La lectura de estas narraciones breves no constituye una mera recreación realista de la sociedad de entonces y sus costumbres, sino que nos obliga a comparar y a analizar el presente, los estereotipos que se mantienen aún, ciertas pautas educativas que, sin querer, seguimos perpetuando en niños y niñas. Bien es cierto que ha transcurrido casi un siglo desde su publicación, pero no nos hace ningún mal quitarnos la venda y hurgar un poco en la herida. Más específicamente, la escritora de origen ruso y lengua francesa se centra en la psicología de sus protagonistas femeninas, cuyas similitudes con nosotras –ciudadanas del siglo XXI- son numerosas y, en cierto modo, dignas de escrutinio. En esta danza bailan la veinteañera y su madre, aunque la primera piense que la otra no comprende el ardor y el desmayo, que no se detuvo en ella la juventud. También, encontramos a la prostituta ajada que se entregó al placer físico y obtuvo el favor masculino como un trofeo, que ahora echa de menos un atisbo de afecto en aquellos que ya no la miran. Y están la esposa recluida a un segundo plano, la amante que desea otro lugar, las admiradoras de los exitosos –escritores o mafiosos-, la matriarca omnipotente. “¿Cuántas mujeres habían esperado, como ella, se habían tragado las lágrimas, como ella?”[1]NÉMIROVSKY, Irène. 2023. Las orillas dichosas. El eco. Domingo. Palma de Mallorca: José J. de Olañeta, p. 81 y cuántas nos seguimos preguntando qué es el amor. ¿Confianza?, ¿amistad?, ¿ternura?, ¿el aguijón ambivalente de los besos?

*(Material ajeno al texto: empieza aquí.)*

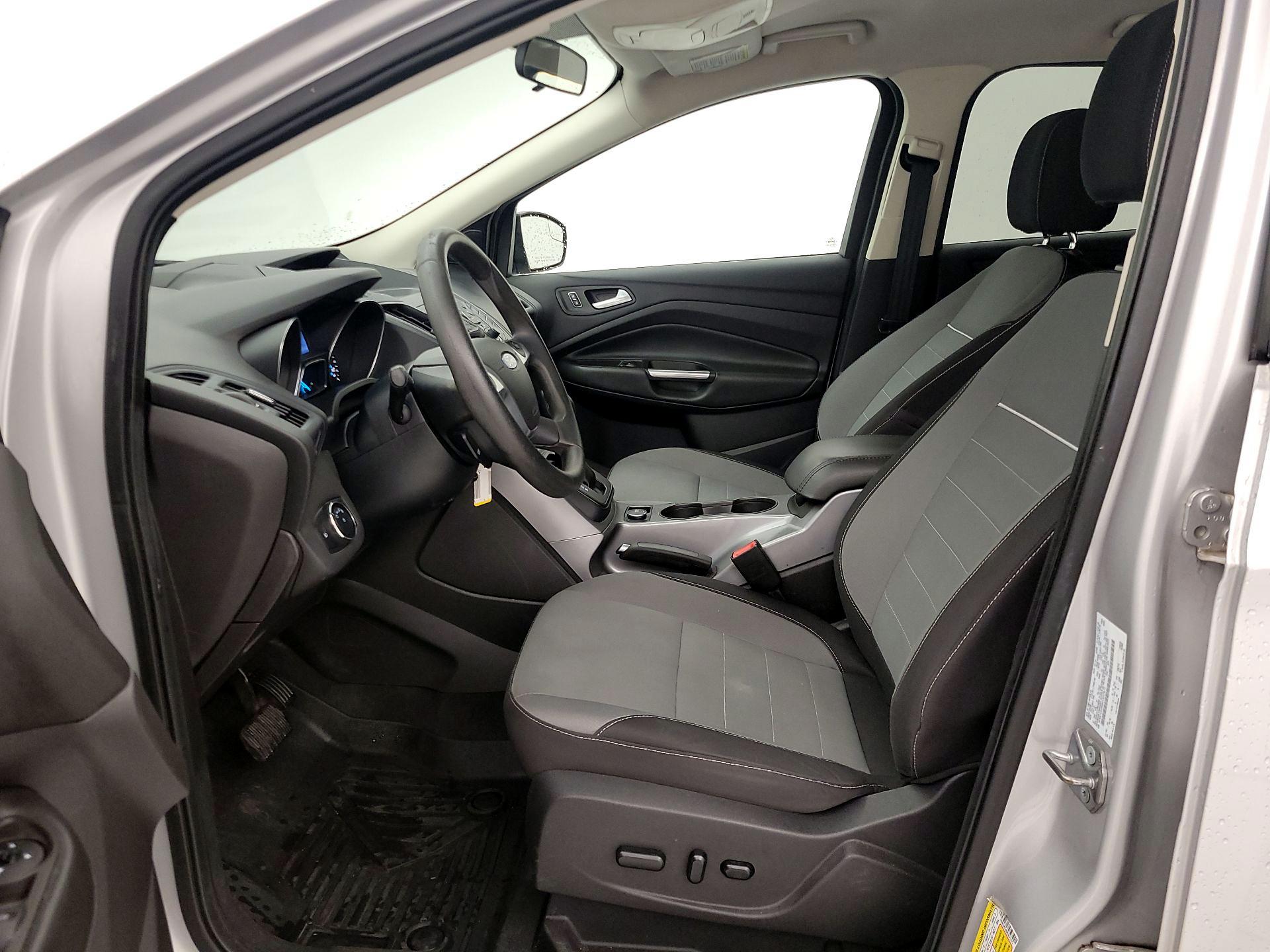 Thumbnail: 2014 Ford Escape - 11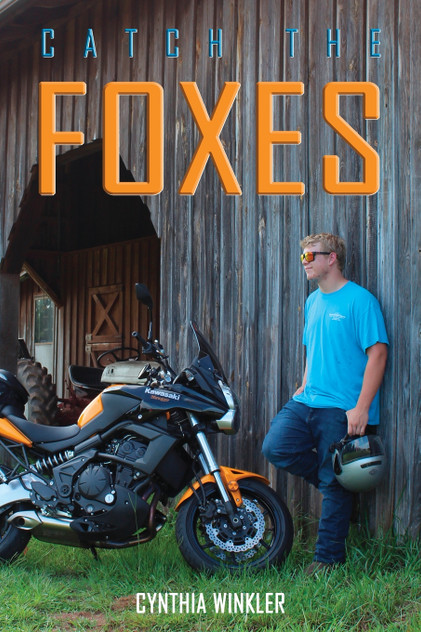 Catch the Foxes Catch the Foxes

Tampoco resulta baladí cómo plantea el concepto de la felicidad, según las circunstancias y los estragos de la experiencia, acumulados en los recuerdos y en la mirada. Al principio, se asemeja a una mariposa que revolotea y colorea el rostro de una adolescente, como las “orillas dichosas que nunca azotaría la tempestad, donde no soplaría más que una brisa ligera y perfumada”[2]Ibíd., p. 47. Más adelante, se convertirá en una tarde serena, en la que sólo se aspira a no temer nada y en la que el silencio sosiega las turbulencias y el deseo tumultuoso de lucha.
En este planteamiento, no oculta el paralelismo entre la ficción y sus propias vivencias personales, pues su infancia y adolescencia estuvieron marcadas por la frialdad y la tensión desde quienes debieron prestarle seguridad e incondicionalidad. Al mismo tiempo, tampoco deja atrás la atmósfera opresiva de su clase, cómoda y repleta de lujos, pero escasa en autenticidad, cercanía e, incluso, profundidad.
Hija de un banquero judío, fue educada por una institutriz francesa y hubo de exiliarse durante la revolución rusa. Más adelante, fue deportada a Auschwitz, donde murió como consecuencia del tifus. Entre sus publicaciones, destacan su novela “David Golder” (1929), de la que se hicieron adaptaciones para el teatro y el cine. Al año siguiente, se editó “El baile”, también llevada a la gran pantalla. Gracias a que sus hijas conservaron sus manuscritos, “Suite francesa” (2004) y algunos más vieron la luz de manera póstuma.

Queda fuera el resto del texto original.